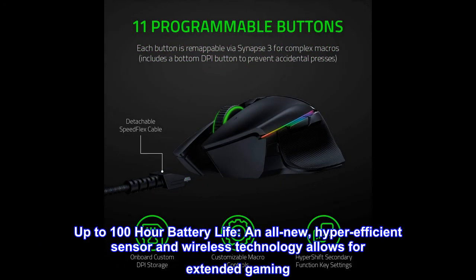Up to 100-hour battery life. An all-new hyper-efficient sensor and wireless technology allows for extended gaming.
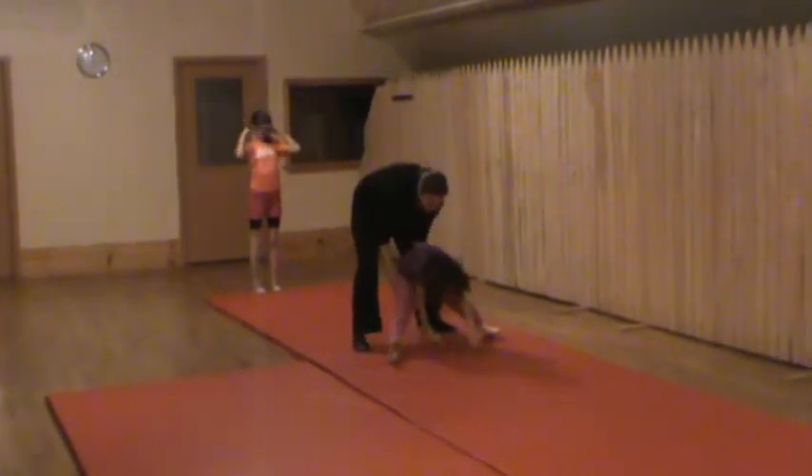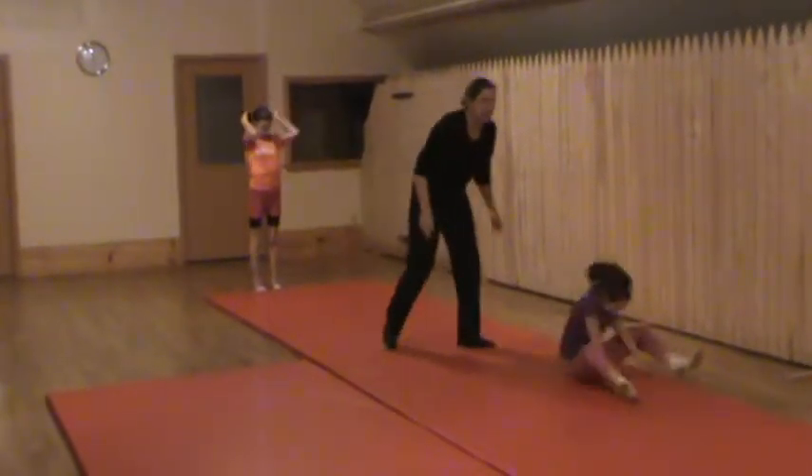Try it right there, straight — yes! That was good. Keep going, keep going. Okay, we're going off the mat.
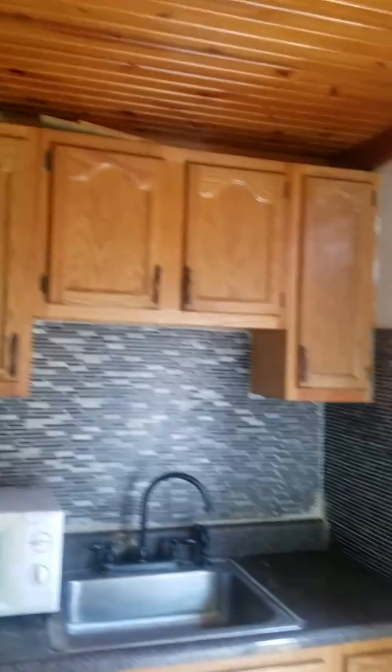Here we go for the kitchen — we're gonna get this whole first level, or level I should say. The cabinets have a corian countertop or a laminate, the flooring is vinyl, and we have some hardwoods on top for the ceiling.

**TASK BRIEF**
Without copying any picture, repeat the full listing above word for word.

**ANSWER BOX**
Up to 100-hour battery life. An all-new hyper-efficient sensor and wireless technology allows for extended gaming.
Try it right there, straight — yes! That was good. Keep going, keep going. Okay, we're going off the mat.
Here we go for the kitchen — we're gonna get this whole first level, or level I should say. The cabinets have a corian countertop or a laminate, the flooring is vinyl, and we have some hardwoods on top for the ceiling.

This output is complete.